(Optional) Filecoin ecosystem affiliations: David Aronchick, Bacalhau
Do you agree to open source all work you do on behalf of this RFP under the MIT/Apache-2 dual-license?: Yes
Project Summary
Computation over Data (CoD) is gaining momentum as a paradigm to reliably transform the internet's datasets. The general data flow is to ingest data from a URL, save it to immutable storage like Filecoin under a CID, then apply a data transformation function, and finally store the result under a new CID. The key innovation of CoD frameworks like Bacalau or Kamu is to transform data via a provable, or verifiable compute, so that users can trust the result as having come from a particular data set and having gone through a particular transformation.
The challenge with the current CoD systems is that the data ingestion process cannot be trusted. Bahalhau and Kamu provide documentation (https://docs.bacalhau.org/data-ingestion/from-url/, https://docs.kamu.dev/odf/spec/#data-ingestion) on how to ingest data from URLs. These methods download the data and store it under a CID, which creates a fingerprint of the data content, but not of its source. The lack of source information creates several problems:
The content of the stored data sets cannot be trusted.

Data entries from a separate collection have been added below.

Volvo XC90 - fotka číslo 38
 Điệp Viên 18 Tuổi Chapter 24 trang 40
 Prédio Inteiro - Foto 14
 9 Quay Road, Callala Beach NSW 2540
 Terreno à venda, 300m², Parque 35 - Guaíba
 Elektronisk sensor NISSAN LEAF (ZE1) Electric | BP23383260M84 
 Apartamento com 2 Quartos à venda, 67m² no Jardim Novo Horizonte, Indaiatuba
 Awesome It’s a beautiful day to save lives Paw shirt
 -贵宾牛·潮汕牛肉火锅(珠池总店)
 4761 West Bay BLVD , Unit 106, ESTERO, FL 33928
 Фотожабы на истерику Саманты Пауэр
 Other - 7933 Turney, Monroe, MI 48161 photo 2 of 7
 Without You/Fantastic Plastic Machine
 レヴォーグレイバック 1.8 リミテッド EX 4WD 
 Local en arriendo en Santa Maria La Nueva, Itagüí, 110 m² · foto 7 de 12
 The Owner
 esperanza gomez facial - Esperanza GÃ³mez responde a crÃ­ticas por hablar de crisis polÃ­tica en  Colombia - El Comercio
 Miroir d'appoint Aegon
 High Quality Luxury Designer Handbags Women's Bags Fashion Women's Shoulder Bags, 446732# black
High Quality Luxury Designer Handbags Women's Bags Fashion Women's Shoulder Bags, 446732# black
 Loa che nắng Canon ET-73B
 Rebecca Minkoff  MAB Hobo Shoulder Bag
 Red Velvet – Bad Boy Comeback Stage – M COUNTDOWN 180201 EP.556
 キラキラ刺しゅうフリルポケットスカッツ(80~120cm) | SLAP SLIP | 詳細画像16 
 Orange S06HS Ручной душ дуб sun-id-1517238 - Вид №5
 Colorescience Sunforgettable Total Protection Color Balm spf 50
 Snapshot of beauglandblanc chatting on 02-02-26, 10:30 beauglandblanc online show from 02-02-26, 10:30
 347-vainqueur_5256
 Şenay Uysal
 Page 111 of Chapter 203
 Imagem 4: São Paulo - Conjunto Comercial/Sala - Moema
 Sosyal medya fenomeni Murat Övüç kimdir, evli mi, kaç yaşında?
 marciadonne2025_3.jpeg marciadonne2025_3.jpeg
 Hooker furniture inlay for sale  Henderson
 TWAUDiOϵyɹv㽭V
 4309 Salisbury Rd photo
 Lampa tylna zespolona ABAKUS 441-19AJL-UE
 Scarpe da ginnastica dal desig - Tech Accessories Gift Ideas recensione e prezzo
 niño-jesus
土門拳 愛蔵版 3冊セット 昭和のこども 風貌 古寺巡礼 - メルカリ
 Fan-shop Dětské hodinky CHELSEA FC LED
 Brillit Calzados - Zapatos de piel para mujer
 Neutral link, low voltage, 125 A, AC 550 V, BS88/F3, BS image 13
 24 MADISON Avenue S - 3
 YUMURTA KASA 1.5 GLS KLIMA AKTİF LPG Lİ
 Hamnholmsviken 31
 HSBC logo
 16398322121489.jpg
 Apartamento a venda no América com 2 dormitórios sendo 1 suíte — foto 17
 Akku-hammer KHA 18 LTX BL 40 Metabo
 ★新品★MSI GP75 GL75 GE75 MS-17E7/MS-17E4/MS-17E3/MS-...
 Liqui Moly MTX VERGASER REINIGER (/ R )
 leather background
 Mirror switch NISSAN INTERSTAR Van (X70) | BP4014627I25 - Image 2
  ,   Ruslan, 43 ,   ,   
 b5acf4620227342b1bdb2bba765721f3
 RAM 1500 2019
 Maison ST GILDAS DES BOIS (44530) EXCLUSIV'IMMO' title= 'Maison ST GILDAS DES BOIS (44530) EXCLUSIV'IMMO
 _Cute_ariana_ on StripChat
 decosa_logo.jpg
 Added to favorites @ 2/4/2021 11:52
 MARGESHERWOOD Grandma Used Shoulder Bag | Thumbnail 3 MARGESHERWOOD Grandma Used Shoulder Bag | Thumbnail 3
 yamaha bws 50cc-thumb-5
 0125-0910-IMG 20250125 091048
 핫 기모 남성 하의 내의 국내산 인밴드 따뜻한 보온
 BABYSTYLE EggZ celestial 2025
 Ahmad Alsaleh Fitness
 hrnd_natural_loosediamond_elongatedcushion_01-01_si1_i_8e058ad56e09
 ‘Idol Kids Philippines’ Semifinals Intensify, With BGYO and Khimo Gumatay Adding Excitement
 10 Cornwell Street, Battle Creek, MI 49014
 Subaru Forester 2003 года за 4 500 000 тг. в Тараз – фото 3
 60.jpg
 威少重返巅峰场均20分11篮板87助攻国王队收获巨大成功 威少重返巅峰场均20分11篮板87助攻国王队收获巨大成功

While it is possible that the data under a CID comes from the specified URL, an attacker could upload arbitrary content and claim that it comes from a URL. Kamu documentation states When interacting with external data we cannot make any assumptions about the guarantees that the external source provides (https://docs.kamu.dev/odf/spec/#data-ingestion).
The content at a URL may change over time.
While users may fetch URL content at the start of every computation, to prove to themselves that the content comes from the correct source, that content can change over time and make it difficult for users to agree on the correct result of the computation. Kamu documentation states we cannot rely on the external data being immutable, on being highly-available, we can’t even be sure the domain that hosts it will still be there the next day (https://docs.kamu.dev/odf/spec/#data-ingestion).
We propose to address these data injection challenges by implementing a general data oracle. The data oracle will run in a Nitro Enclave Trusted Execution Environment (TEE). At its core, a Nitro Enclave executes a containerized application in an isolated environment and provides a mechanism for the application to generate cryptographic attestations over its state, signed by Amazon. The data oracle will expose an API for users to specify a URL from which they want to fetch the data. The oracle will then download the URL content and create a source_attestation over the content, the certificate of the server hosting the URL, and a timestamp. The attestation will be signed by Amazon's private key, and so could be verified by anyone, including the transformation functions of the CoD frameworks like Bacalhau or Kamu.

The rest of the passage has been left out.